Ward believes his process could easily be worth $1 billion, producing more than 77 million tons of organic ammonium fertilizer that rivals synthetic fertilizer.
But still the patent office would not grant Ward a patent back in 2008 because of the obviousness clause. “I wrote the patent office an extremely long rebuttal that basically said how can you say this isn’t original. I told them that this is an original idea and you have to patent it,” Ward said.
In December 2017, the patent office notified Ward that he would receive a patent and the patent was awarded in January of this year. “It took me 11 years to get this little piece of paper here,” Ward said, holding his patent.
Ward wants to scale up production and find a company willing to license it and then produce, market and distribute the organic fertilizer. He hopes to have small-scale production in about a year and hopes that large-scale production will begin in three years. He hopes to the fertilizer will be commercially available by 2021.

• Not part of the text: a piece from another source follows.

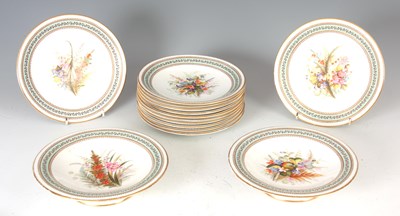 Lot 60 - A LATE 19TH CENTURY ROYAL WORCESTER PART...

“I’m looking for commercial partners. I’m beginning to pursue funding to get a 100,000-gallon reactor to distill and make pure organic ammonium. It also has to be OMRI certified organic. Once it is certified organic, we can scale up production to a commercial level,” he said.
Once he finds a company to produce and market the fertilizer, Ward would then supply the bacteria needed to make the fertilizer. “I would consult them. They would license the technology form Clemson. They would pay me a consulting fee on the side to teach them how to use the reactor.”
For the technology to be profitable, he said, it must be done on a large scale by a large company to produce a fertilizer that will be affordable.
Until now there was no organic ammonium fertilizer available to farmers. “There is basically no difference between my fertilizer and synthetic fertilizer. It’s primarily the same product. It provides the same nutrients. Plants can’t tell the difference,” Ward says.
The product will be targeted to organic vegetable growers and eventually large-scale row crop farmers. It’s a big goal and a big vision, but Ward has the persistence and passion to make it happen.